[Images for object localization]
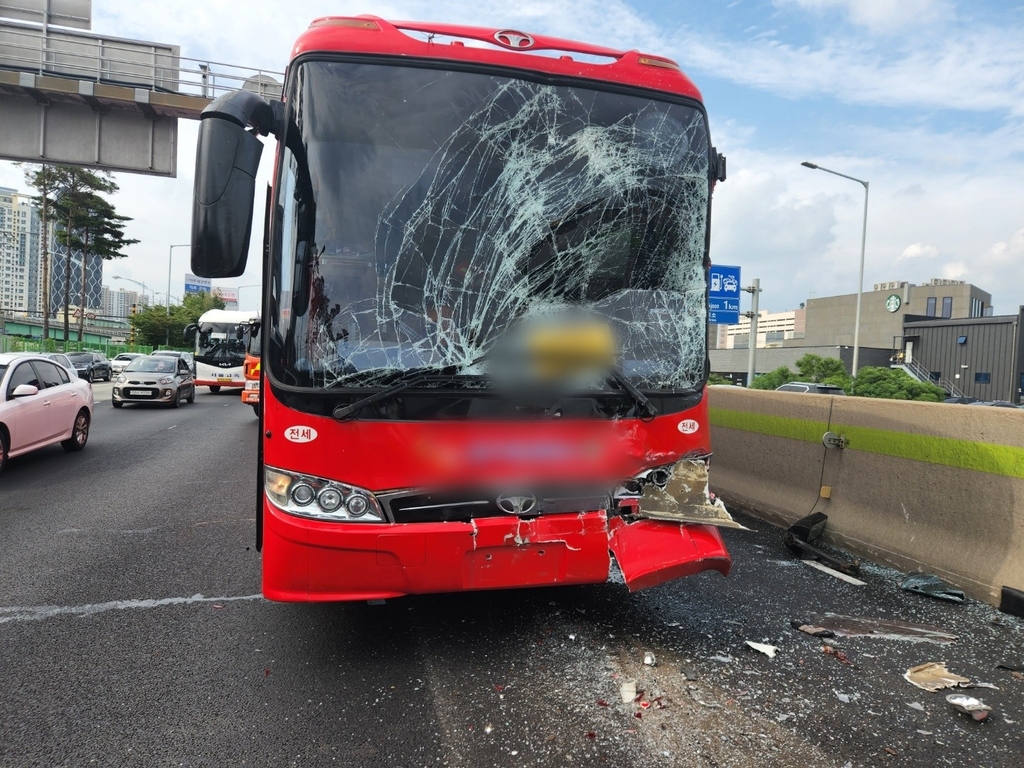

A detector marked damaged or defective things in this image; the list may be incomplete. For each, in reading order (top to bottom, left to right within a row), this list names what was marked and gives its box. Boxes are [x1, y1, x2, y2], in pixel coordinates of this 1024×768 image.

damaged bus front [190, 15, 737, 598]
shattered windshield [268, 60, 708, 393]
damaged front bumper [260, 460, 741, 606]
torn metal panel [634, 460, 749, 532]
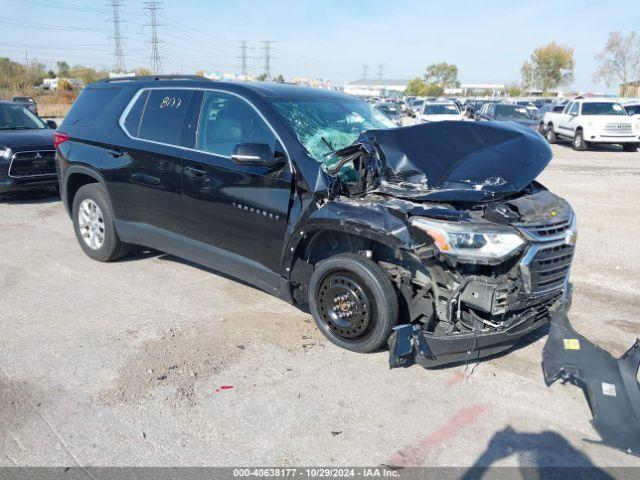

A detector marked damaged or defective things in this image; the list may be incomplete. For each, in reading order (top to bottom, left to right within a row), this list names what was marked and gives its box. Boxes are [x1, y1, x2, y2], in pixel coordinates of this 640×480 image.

crushed hood [342, 122, 552, 202]
damaged front end [316, 121, 580, 368]
damaged bumper [388, 294, 564, 370]
damaged bumper [540, 314, 640, 456]
damaged front end [544, 314, 636, 456]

### What to produce
Could you reproduce, exactly as written, the lines running from the one with "this 640×480 image." to the end of the entries above?

### Task result
A detector marked damaged or defective things in this image; the list may be incomplete. For each, in reading order (top to bottom, left to right within a row), this list names what was marked and gives its box. Boxes are [x1, y1, x2, y2], in pixel coordinates of this 640×480 image.

crushed hood [342, 122, 552, 202]
damaged front end [316, 121, 580, 368]
damaged bumper [388, 294, 564, 370]
damaged bumper [540, 314, 640, 456]
damaged front end [544, 314, 636, 456]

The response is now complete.